§ **Work order**
Restate word for word only the lines running from the one with "Nabíječka telefonu, síťový" to the end of the data, both ends included. Omit any pictures.

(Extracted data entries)
□ □ □ □ □ □ □
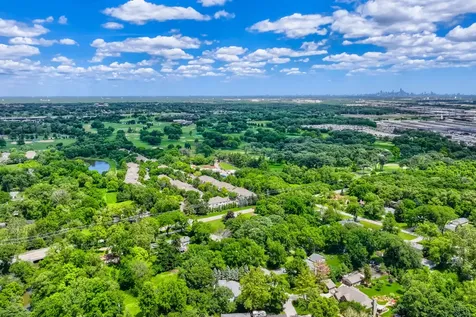 8035 Wolf Road La Grange IL 60525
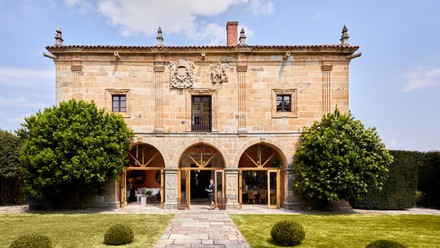 Außenansicht des elais & Châteaux Helguera Palacio Boutique & Antique.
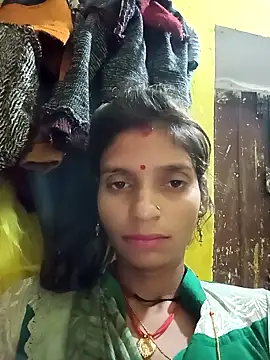 Snapshot of Punam_jindal chatting on 10.12.25 Punam jindal online show from 10.12.25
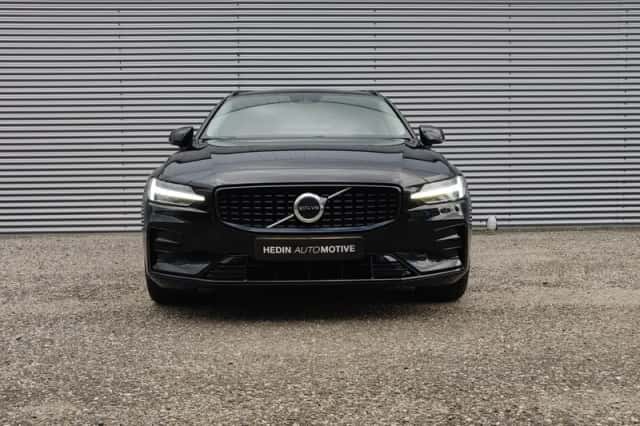 Volvo V60 (2022) thumbnail 5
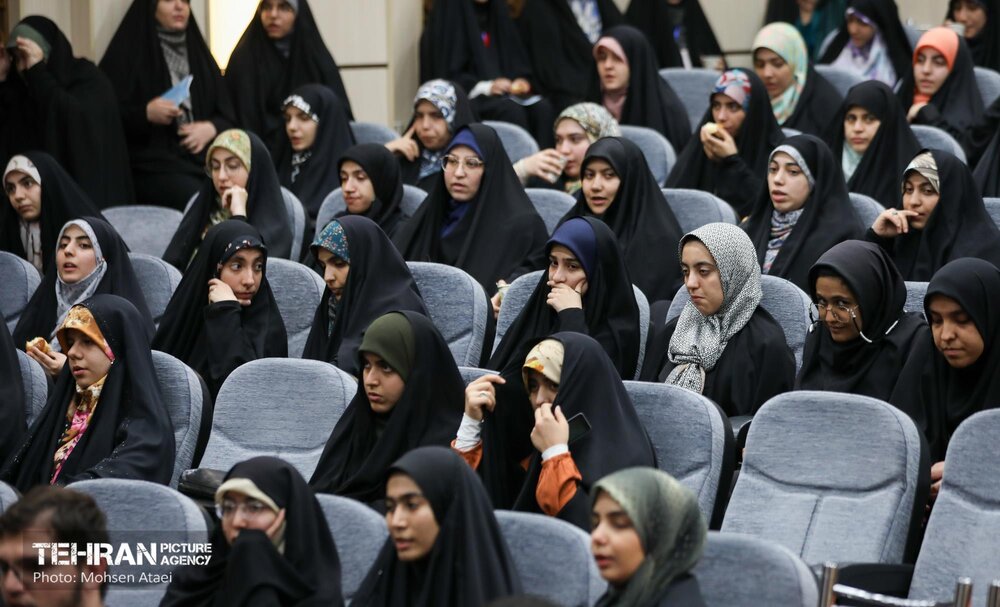 نشست صمیمانه شهردار تهران با مسئولین پایگاه‌های بسیج دانشجویی تهران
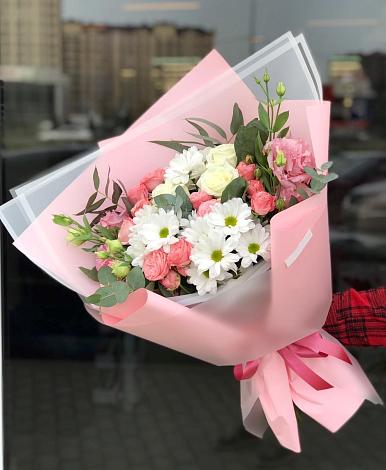 Букет цветов из: Розы, Лизиантусы и Хризантемы в Новофедоровке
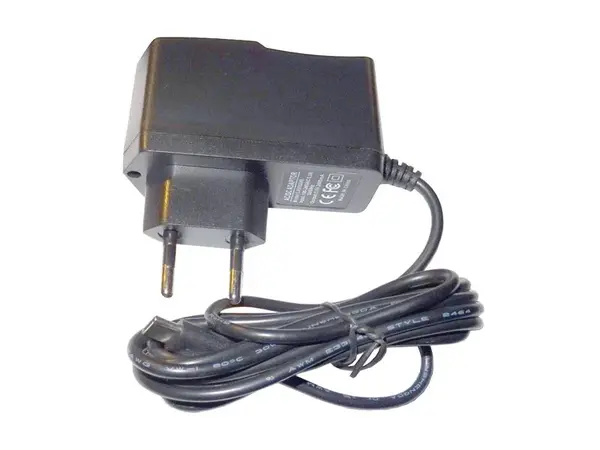 Nabíječka telefonu, síťový adaptér USB 5V/2,4A spínaný, koncovka USB C HADEX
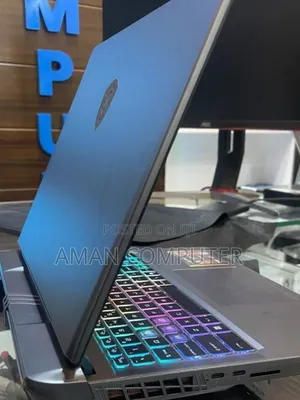 New Laptop MSI Vector 16 HX AI A2XWIG 16GB Intel Core Ultra 7 SSD 1T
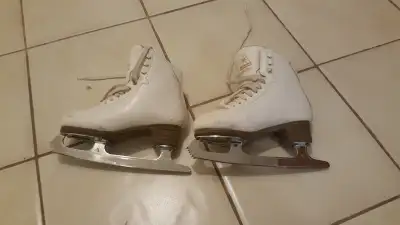 White Ice Skates 2 ½ classic, View more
□ □ □ □ □ □ □
§ **Task answer**
 Nabíječka telefonu, síťový adaptér USB 5V/2,4A spínaný, koncovka USB C HADEX
 New Laptop MSI Vector 16 HX AI A2XWIG 16GB Intel Core Ultra 7 SSD 1T
 White Ice Skates 2 ½ classic, View more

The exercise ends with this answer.